Spin–flip non-orthogonal configuration interaction with grouped baths: a method for charge transfer in transition metal complexes

We introduce a novel grouped-bath approach to the spin-flip non-orthogonal configuration interaction (SF-NOCI) method, named SF-GNOCI, which significantly reduces computational cost while preserving accuracy. SF-NOCI is a nearly ``black-box'' electronic structure theory developed by Mayhall et al., well-suited for studying charge transfer phenomena. This method allows for core-virtual orbital rotations for all configurations within the active space, efficiently capturing important orbital relaxation effect induced by electron transfer. However, the inclusion of this relaxation effect for all configurations results in a sharp increase in computational cost, especially for large active spaces commonly encountered in transition metal complexes. To address this challenge, we grouped configurations based on the number of electrons associated with each atom. Within each group, configurations share a common set of bath orbitals, significantly reducing the computational burden.
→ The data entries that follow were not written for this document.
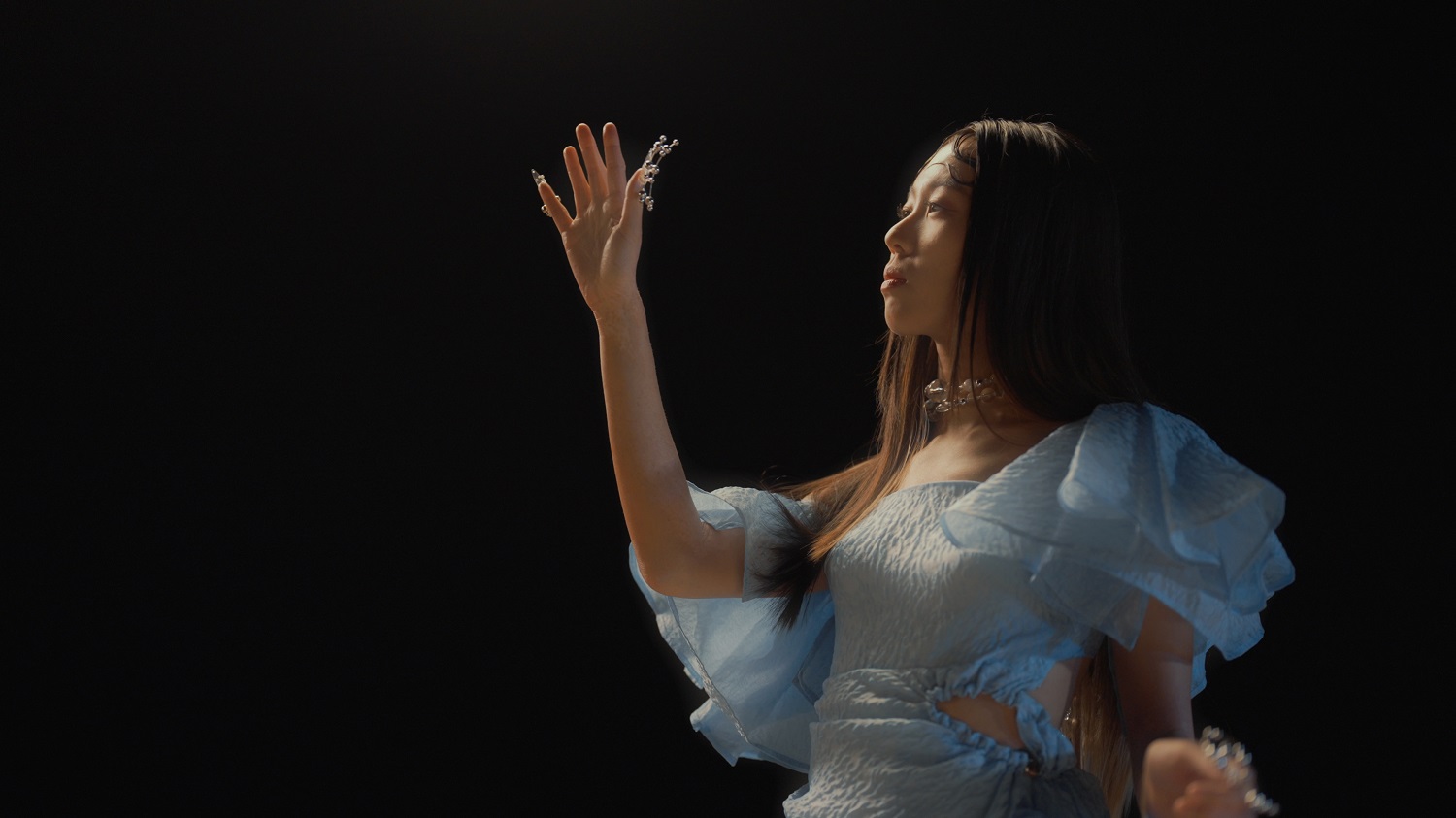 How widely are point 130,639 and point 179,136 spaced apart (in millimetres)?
779

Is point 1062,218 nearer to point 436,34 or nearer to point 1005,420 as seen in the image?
point 1005,420

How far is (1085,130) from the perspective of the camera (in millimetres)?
1852

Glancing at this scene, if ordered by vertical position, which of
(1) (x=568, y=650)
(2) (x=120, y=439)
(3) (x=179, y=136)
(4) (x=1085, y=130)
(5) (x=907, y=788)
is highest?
(3) (x=179, y=136)

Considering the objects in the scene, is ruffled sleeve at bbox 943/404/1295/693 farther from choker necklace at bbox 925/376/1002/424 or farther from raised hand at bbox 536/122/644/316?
raised hand at bbox 536/122/644/316

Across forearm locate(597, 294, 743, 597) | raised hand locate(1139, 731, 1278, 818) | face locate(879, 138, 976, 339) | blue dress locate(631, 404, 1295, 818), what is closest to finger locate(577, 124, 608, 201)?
forearm locate(597, 294, 743, 597)

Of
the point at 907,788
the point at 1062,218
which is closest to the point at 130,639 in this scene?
the point at 907,788

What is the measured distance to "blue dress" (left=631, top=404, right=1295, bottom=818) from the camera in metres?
0.96

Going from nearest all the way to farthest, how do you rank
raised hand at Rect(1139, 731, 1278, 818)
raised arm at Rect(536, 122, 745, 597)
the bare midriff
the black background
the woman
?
raised hand at Rect(1139, 731, 1278, 818), the woman, the bare midriff, raised arm at Rect(536, 122, 745, 597), the black background

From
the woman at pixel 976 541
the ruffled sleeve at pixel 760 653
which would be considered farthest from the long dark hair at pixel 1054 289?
the ruffled sleeve at pixel 760 653

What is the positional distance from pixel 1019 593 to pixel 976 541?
101 mm

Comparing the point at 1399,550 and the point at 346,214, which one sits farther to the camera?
the point at 346,214

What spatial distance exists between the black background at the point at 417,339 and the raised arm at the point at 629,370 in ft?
2.31

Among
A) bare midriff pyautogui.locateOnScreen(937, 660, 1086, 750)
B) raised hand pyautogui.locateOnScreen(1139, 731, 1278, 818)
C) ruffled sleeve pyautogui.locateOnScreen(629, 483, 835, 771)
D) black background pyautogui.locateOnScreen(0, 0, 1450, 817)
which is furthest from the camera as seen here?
black background pyautogui.locateOnScreen(0, 0, 1450, 817)

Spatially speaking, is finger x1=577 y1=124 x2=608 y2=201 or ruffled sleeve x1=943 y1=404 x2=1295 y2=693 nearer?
ruffled sleeve x1=943 y1=404 x2=1295 y2=693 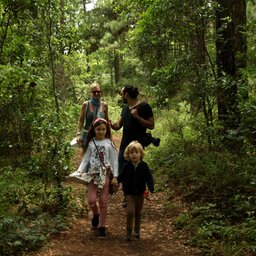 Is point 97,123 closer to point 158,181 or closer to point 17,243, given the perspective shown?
point 17,243

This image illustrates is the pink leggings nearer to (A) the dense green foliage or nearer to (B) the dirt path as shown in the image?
(B) the dirt path

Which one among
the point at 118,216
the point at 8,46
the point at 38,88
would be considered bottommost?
the point at 118,216

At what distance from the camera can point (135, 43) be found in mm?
10398

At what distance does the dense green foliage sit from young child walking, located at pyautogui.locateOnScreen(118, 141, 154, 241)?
916 millimetres

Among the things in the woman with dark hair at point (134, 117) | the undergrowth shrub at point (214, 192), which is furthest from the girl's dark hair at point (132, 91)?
the undergrowth shrub at point (214, 192)

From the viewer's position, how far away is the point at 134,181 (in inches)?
218

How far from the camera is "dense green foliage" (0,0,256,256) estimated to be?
561cm

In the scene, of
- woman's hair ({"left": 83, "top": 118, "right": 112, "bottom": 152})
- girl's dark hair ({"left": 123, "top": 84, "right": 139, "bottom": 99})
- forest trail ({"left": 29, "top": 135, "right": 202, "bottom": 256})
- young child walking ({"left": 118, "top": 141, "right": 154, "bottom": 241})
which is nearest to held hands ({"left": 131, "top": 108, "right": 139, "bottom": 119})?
girl's dark hair ({"left": 123, "top": 84, "right": 139, "bottom": 99})

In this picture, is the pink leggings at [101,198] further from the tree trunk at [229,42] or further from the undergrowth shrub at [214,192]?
the tree trunk at [229,42]

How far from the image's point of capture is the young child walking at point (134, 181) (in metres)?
5.52

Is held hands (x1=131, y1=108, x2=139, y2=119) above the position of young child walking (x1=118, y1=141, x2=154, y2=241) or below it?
above

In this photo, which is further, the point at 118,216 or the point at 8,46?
the point at 8,46

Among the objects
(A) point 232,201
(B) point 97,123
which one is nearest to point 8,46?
(B) point 97,123

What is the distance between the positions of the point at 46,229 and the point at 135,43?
6.34m
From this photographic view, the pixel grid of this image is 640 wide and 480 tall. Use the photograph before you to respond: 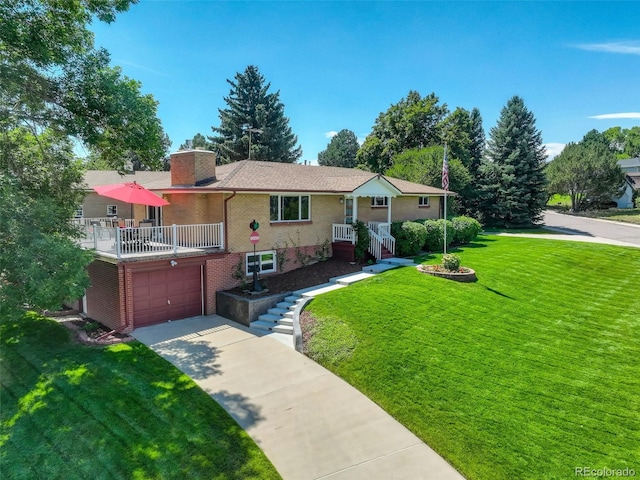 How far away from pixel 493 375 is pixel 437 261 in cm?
891

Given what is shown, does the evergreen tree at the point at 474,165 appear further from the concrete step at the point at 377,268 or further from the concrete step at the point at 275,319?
the concrete step at the point at 275,319

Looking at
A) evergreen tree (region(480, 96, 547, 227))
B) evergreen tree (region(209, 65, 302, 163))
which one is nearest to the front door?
evergreen tree (region(480, 96, 547, 227))

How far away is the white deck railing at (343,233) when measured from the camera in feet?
57.1

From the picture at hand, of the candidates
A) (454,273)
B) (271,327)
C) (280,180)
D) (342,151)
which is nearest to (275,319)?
(271,327)

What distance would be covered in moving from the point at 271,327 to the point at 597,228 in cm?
3318

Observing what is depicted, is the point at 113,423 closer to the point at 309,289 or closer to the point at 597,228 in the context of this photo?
the point at 309,289

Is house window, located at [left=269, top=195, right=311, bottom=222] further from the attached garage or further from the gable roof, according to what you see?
the attached garage

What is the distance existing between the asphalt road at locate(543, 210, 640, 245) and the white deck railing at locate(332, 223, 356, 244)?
19673 mm

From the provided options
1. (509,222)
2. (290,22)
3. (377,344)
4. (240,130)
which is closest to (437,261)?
(377,344)

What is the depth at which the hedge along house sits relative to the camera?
12.9m

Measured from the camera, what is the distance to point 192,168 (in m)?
15.7

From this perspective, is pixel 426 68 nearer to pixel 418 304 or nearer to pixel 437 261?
pixel 437 261

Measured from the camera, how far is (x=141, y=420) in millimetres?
7613

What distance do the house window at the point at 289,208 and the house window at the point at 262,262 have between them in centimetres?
153
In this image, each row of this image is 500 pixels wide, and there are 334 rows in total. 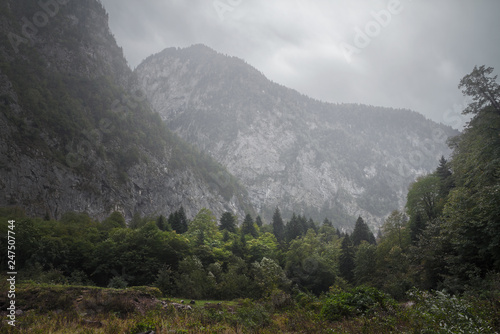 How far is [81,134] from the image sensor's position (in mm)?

We demonstrate the performance of SF-GNOCI through benchmark calculations on two systems: the avoided crossing of the lowest singlet states of LiF dissociation and the low-lying charge transfer states of [Fe(SCH_3)_4]^{2-/1-}. Our results show that SF-GNOCI maintains the accuracy comparable to the standard SF-NOCI while reducing a computational cost by a factor of about 1/10 for [Fe(SCH_3)_4]^{2-} and 1/14 for [Fe(SCH_3)_4]^{1-}. This SF-GNOCI method offers a promising reference wave-function ansatz for simulating charge transfer phenomena in transition metal complexes.